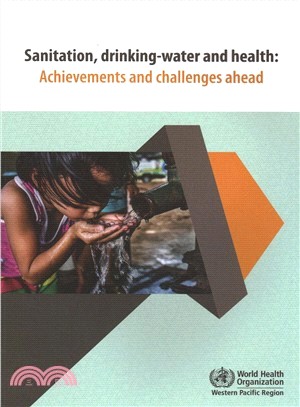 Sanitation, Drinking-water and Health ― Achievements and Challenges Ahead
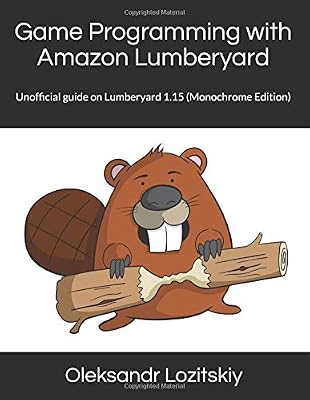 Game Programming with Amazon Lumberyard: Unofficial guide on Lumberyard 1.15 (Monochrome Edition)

...

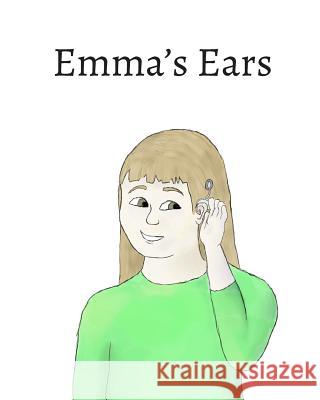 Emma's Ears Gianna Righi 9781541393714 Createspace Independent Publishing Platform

--

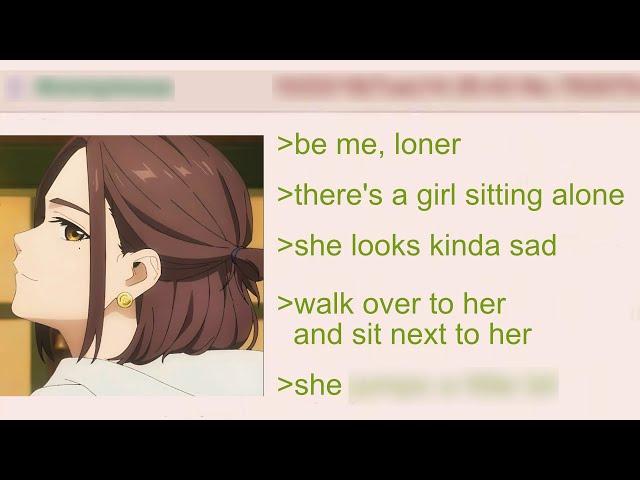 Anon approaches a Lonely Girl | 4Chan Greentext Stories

• REQUIREMENT:
When you reach the line containing "Sanitation, Drinking-water and" in the entries above, begin restating word for word, and stop once the line containing "Game Programming with" has been given. Omit the pictures.

• TASK ANSWER:
 Sanitation, Drinking-water and Health ― Achievements and Challenges Ahead
 Game Programming with Amazon Lumberyard: Unofficial guide on Lumberyard 1.15 (Monochrome Edition)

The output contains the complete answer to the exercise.